CHICKEN ENCHILADAS WITH TOMATILLO SAUCE
I found this recipe in a magazine and tried it and loved it. The tomatillos give the sauce a kind of citrous lime type of flavor. Very unique and different and very addicting.
Provided by Donna
Categories Mexican
Time 1h30m
Yield 6-8 serving(s)
Number Of Ingredients 17
Steps:
- To make the sauce, husk the tomatillos and rinse under warm water to remove stickiness and dirt. Broil on foil baking sheet 1 to 2 inches from heat, turning once. till soft and slightly charred, about 7 - 9 mintues.
- Heat oil in large skillet over med. heat. Add onions and saute about 5 minutes.
- Transfer tomatillos to a blender and add the sauteed onions, cilantro, green chilies, cumin, sugar and salt; puree till smooth.
- Return tomatillo sauce to skillet and cook over med. heat till thickened about 5 minutes, stirring frequently to prevent sticking. Add the broth and cream and continue cooking till the sauce is slightly thickened and not watery, about 5 - 8 minute Add more salt if desired.
- To make enchiladas, brush both sides with oil and lay on cookie sheet in stacks of two.
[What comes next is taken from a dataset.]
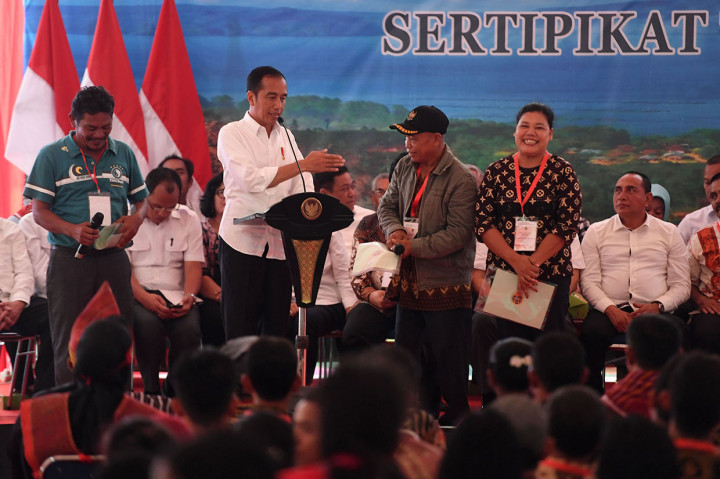 Ada 1.000 sertifikat yang diserahkan Jokowi untuk warga dari 7 kabupaten di sekitar kawasan Danau Toba.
Heat in 375 over just until soft and pliable, about 3 minutes.
- In large bowl, combine the chicken, half of the cheddar. half of the monterey jack, the chopped onion and the salt. Add 1/2 cup of the sauce to the chicken mixture and toss to combine.
- Spread a third of the remaining sauce in the bottom of a 9 x 13 inch baking dish. Place 1/4 cup of the chicken mixture in the center of a tortilla. Roll up the tortilla and place seam down in the dish. Repeat with the other tortillas. Pour the rest of the sauce over the enchiladas. Sprinkle with the remaining jack and cheddar cheese on top of the casserole.
- Bake the casserole until the enchiladas are heated through and the cheese is bubbly and starting to brown, about 20 - 30 minutes.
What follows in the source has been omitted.